Die FIFA verbietet jede staatliche Einflussnahme auf die Politik der nationalen Fußball-Verbände und hat in jüngerer Vergangenheit einige Mitgliedsländer wie Iran oder Irak vorübergehend suspendiert. Die Aufarbeitung des sportlich wie disziplinarisch desaströsen WM- Auftritts der Franzosen hatte in den vergangenen Tagen Züge einer Staatsaffäre angenommen. Sarkozy empfing Starstürmer Thierry Henry zu einem klärenden Gespräch. Roselyne Bachelot forderte FFF-Chef Jean- Pierre Escalettes zum Rücktritt auf.

“Sie dürfen sich treffen, sie können diskutieren, aber es darf keine politische Einflussnahme geben“, erklärte der Franzose Valcke seinen Landsleuten die FIFA-Regeln. “Niemand kann jemanden zum Rücktritt auffordern“, sagte der Funktionär. Bachelot machte umgehend einen Rückzieher. Sie stehe zwar weiter zu ihren Worten, habe aber niemals implizit den Rücktritt von Verbandsboss gefordert, ließ die Ministerin verlauten.
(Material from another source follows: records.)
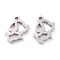 Non-Tarnish 304 Stainless Steel Charms, Laser Cut, Dog, Stainless Steel Color, 12x11.5x1.5mm, Hole: 1.4mm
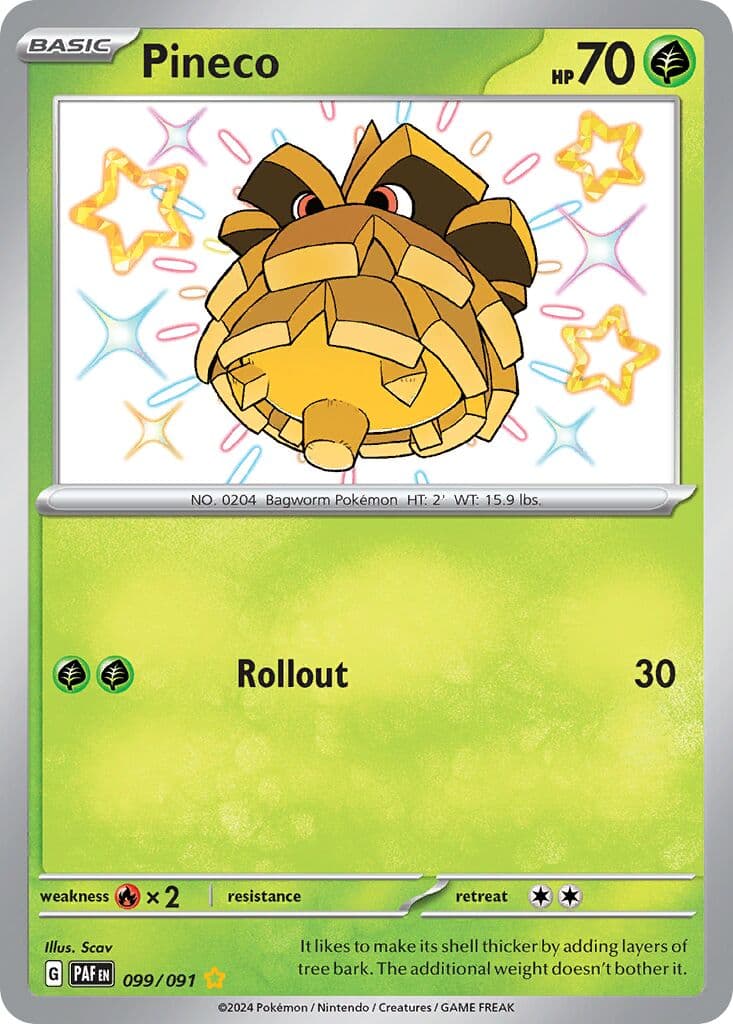 Paldean Fates Pokemon card #099 - high resolution TCG trading card image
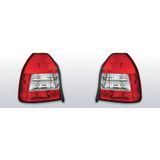 Achterlichten | Honda Civic Hatchback 1995-2001 3D rood / wit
Blanc, der am Samstag einen Zweijahresvertrag als Nachfolger des gescheiterten Nationaltrainers Raymond Domenech unterschrieb, dürfte dies alles kaltlassen. Er hat ganz andere Probleme, muss er den tief gefallenen Vize-Weltmeister von 2006 doch sportlich schnell wieder flott kriegen. Sollte ihm dies gelingen, wird der Kontrakt um weitere zwei Jahre bis zur WM 2014 verlängert. Der Weltmeister von 1998 und Europameister von 2000, der in Frankreich großes Ansehen genießt, wird von seinem früheren Mitarbeiter Jean-Louis Gasset und dem ehemaligen Direktor von Olympique Lyon, Marino Faccioli, unterstützt.
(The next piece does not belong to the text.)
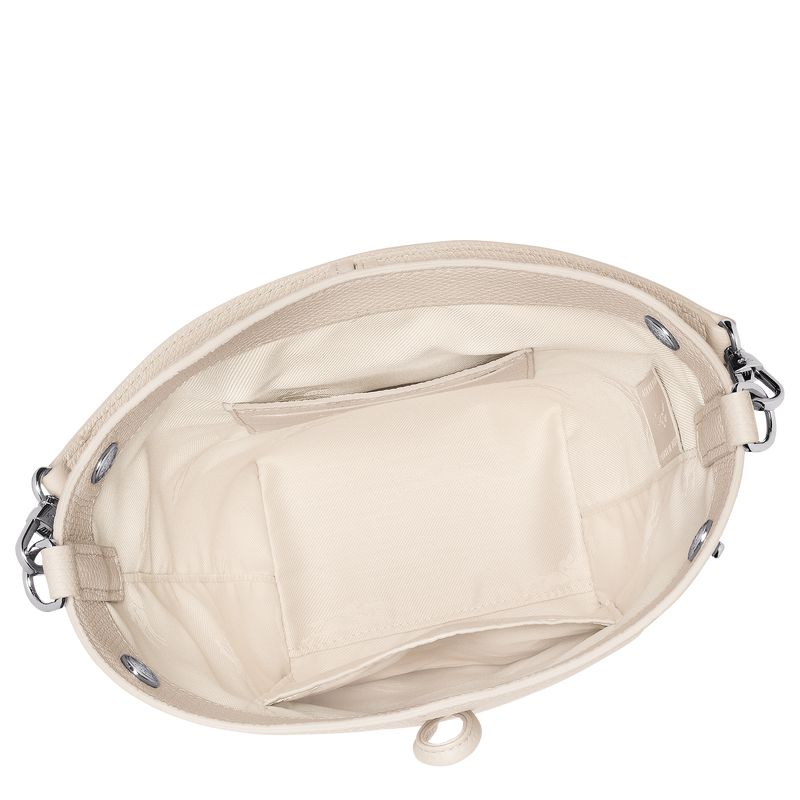 Women Longchamp Le Roseau Xs Bucket Bag Beige | Ireland-657PRLWZX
Nach dem kläglichen Ausscheiden der “Bleus“ als Gruppenletzter erhoffen sich die Fans einen Neuanfang unter Blanc. Erste sportliche Herausforderung wird die Qualifikation für die Europameisterschaft 2012. Am 3. September steht das erste Qualifikationsspiel gegen Weißrussland an. Sein Debüt auf der Bank wird der frühere Erfolgstrainer von Girondins Bordeaux am 11. August im Länderspiel gegen Norwegen geben. Nicht mehr dabei sein wird dann Mittelfeld- Veteran Patrick Vieira. “Ehrlich, ich stehe nicht mehr für die Auswahl zur Verfügung. Es wäre nicht gerecht“, sagte der 34-Jährige dem TV-Sender Canal +.
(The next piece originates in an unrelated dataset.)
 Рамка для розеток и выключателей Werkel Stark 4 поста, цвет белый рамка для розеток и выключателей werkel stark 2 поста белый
Nach einer Umfrage für den “Parisien“ setzen immerhin 94 Prozent der Franzosen Vertrauen in Blanc. Die Mannschaft ist dagegen - mit Ausnahme von Florent Malouda, der 74 Prozent Zustimmung findet, - bei den Fans unten durch. Selbst Bayern-Star Franck Ribéry wollen nur noch 54 Prozent weiter in der Nationalelf sehen. Für Nicolas Anelka, der wegen seiner Trainerbeleidigung vorzeitig die Heimreise antreten musste, votierten nur noch 26 Prozent.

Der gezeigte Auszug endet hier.